Maurice Ravel Piano works Romain Descharmes

Maurice Ravel
Piano works
Romain Descharmes

Valses nobles et sentimentales
Gaspard de la nuit
Sonatine
La Valse 

S'il est assez fréquent que les pianistes enregistrent l'intégralité des oeuvres de Ravel pour piano seul qui tient sur deux disques, le pianiste Romain Descharmes qui signe là son second disque après un disque Brahms, interprète une sélection mais à laquelle il a ajouté une oeuvre qui ne fait pas toujours partie des intégrales car considérée un peu à part s'agissant d'une transcription d'une oeuvre pour orchestre : "La valse" , existant également dans une version pour deux pianos. Celle-ci laisse au pianiste une large part d'improvisation et est particulièrement difficile. Le hasard a fait que j'ai eu précisément l'occasion d'être à Montpellier l'été dernier alors que Romain Descharmes a joué cette pièce en concert lors du festival Radio France Montpellier Languedoc Roussillon. Etant donné mon propre enthousiasme et celle du public entier, son disque qui précisément comporte cette pièce d'une grande difficulté technique est à découvrir absolument.

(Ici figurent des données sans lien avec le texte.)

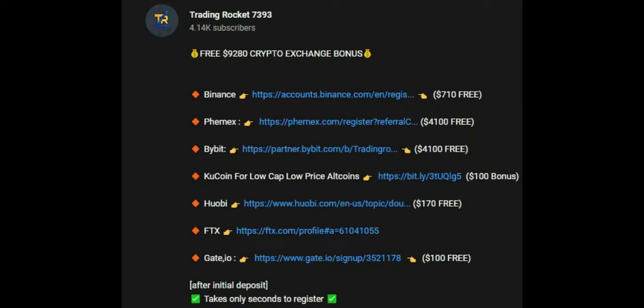I just want to make you aware that there are $9,280 in crypto exchange bonuses available for you. Binance is giving a $710 bonus, Phemex is giving a $4,100 bonus, and Bybit is giving a $4,100 bonus. These bonuses are absolutely free. Please go to this video's description where you can find these links, click on these links and register your account.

Il vous permettra d'en apprécier son interprétation remarquable et captivante qui dégage une très belle énergie communicative tant sur cet enregistrement qu'en concert.

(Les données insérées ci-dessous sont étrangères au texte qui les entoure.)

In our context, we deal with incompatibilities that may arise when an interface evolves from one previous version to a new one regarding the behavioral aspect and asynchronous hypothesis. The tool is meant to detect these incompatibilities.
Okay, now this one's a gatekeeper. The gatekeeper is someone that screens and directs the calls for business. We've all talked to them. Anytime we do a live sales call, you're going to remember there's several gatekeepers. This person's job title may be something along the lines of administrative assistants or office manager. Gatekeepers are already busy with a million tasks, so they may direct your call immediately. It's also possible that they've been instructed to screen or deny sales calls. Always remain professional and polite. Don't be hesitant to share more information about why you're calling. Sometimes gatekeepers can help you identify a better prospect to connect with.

Bien sûr le reste de l'album est aussi remarquable avec notamment d'autres Valses qualifiées quant à elles .... de "nobles et sentimentales" demandant un jeu contrasté et sensible qu'il possède tout à fait, ainsi la première valse elle aussi énergique "modéré très franc" que vous pourrez entendre plus bas est suivi d'une deuxième valse d'un tempo "assez lent" particulièrement splendide, d'une grande intériorité.... Quant à "Gaspard de la nuit" exigeant tout autant que "la valse" citée plus haut , une grande technicité et considéré comme l'un des plus grand chef d'oeuvre pianistique du 20 ème siècle, il en exalte avec talent les différents éléments ou personnages suggérés dans les poèmes qui ont inspirés les trois pièces de ce tryptique poétique notamment la fée aquatique de "Ondine" , le tintement des cloches et l'atmosphère lourde où raisonne les plaintes d'un pendu dans "Le Gibet", et le gnome démoniaque Scarbo. Romain Descharmes a bien voulu répondre à quelques questions sur celui-ci en complément à celles sur son parcours :
Quand avez vous découvert la musique de Ravel, qu’en avez-vous pensé alors et quelle place représente-t-elle aujourd’hui pour vous ?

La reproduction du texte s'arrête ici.